Questi dati confermano l’importanza di monitorare la salute cerebrale come chiave per la prevenzione non solo delle malattie neurodegenerative, ma anche della mortalità complessiva, ponendo il cervello al centro della medicina personalizzata.

Lo studio apre nuove prospettive per l’utilizzo dell’età biologica cerebrale come strumento diagnostico e prognostico. Un focus particolare è posto sull’associazione tra fattori modificabili, come lo stile di vita e la dieta, e l’invecchiamento degli organi. Tra questi, la dieta mediterranea si conferma, secondo una recente meta-analisi pubblicata nel 2024, un valido fattore protettivo contro la demenza e l’Alzheimer, riducendo il rischio rispettivamente dell’11% e del 27%.
L’adozione di stili di vita sani, comprensivi di alimentazione equilibrata, attività fisica regolare e controllo dei fattori di rischio cardiovascolare, rappresenta quindi una strategia efficace per rallentare l’invecchiamento cerebrale e migliorare la qualità della vita. La medicina del futuro potrebbe così focalizzarsi sul ripristino della “giovinezza” degli organi prima che si manifestino patologie degenerative.
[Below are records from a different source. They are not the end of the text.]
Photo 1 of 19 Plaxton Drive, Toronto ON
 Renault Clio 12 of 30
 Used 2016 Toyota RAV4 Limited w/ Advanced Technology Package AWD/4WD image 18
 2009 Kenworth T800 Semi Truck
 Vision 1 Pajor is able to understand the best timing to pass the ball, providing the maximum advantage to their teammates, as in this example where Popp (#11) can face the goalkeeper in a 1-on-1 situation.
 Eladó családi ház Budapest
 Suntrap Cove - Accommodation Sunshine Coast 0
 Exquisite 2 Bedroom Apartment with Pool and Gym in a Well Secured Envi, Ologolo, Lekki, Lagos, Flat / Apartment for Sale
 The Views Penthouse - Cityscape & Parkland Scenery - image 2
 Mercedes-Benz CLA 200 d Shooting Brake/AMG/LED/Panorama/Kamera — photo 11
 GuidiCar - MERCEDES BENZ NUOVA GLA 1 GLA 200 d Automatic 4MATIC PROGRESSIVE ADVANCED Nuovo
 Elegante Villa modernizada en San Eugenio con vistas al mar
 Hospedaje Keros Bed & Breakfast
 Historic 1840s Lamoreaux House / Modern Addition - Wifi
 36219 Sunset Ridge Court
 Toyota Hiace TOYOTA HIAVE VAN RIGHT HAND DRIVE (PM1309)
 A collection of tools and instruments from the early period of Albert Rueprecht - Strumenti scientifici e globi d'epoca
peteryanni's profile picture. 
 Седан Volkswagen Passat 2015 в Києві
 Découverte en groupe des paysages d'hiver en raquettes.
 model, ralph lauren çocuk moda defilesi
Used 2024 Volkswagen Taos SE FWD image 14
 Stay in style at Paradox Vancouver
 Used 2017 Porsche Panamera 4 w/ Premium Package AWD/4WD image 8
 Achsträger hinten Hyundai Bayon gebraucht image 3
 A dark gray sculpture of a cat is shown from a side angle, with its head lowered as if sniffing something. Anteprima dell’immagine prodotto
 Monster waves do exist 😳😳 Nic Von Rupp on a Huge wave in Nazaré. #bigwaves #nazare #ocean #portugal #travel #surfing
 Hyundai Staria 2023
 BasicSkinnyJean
Nuove frontiere nella terapia delle malattie neurodegenerative
Parallelamente, avanzamenti nella terapia genica offrono nuove speranze per il trattamento di malattie cerebrali genetiche. Uno studio innovativo pubblicato su Science Translational Medicine ha dimostrato la possibilità di sostituire rapidamente e quasi completamente la popolazione di microglia cerebrale con cellule derivanti dal midollo osseo, aprendo la strada a interventi terapeutici su malattie neurodegenerative progressive.
Questa tecnica, che prevede il trattamento con inibitori specifici seguito da trapianto di cellule ematopoietiche modificate, ha mostrato effetti positivi nel ridurre la patologia del sistema nervoso centrale in modelli murini di deficit enzimatici. Sebbene siano necessari ulteriori studi per comprenderne l’impatto a lungo termine, si tratta di una svolta promettente nel campo della neurologia.
Secondo ulteriori ricerche condotte da Wyss-Coray e altri esperti, l’invecchiamento non è un processo lineare, ma si sviluppa attraverso fasi distinte: l’età adulta (34-60 anni), la maturità tardiva (60-78 anni) e la vecchiaia (oltre 78 anni). Già a partire dai 34 anni si possono osservare i primi segni di declino fisico e mentale, quali rallentamento del metabolismo, perdita di massa muscolare, modifiche nella qualità del sonno, e peggioramento di vista e udito.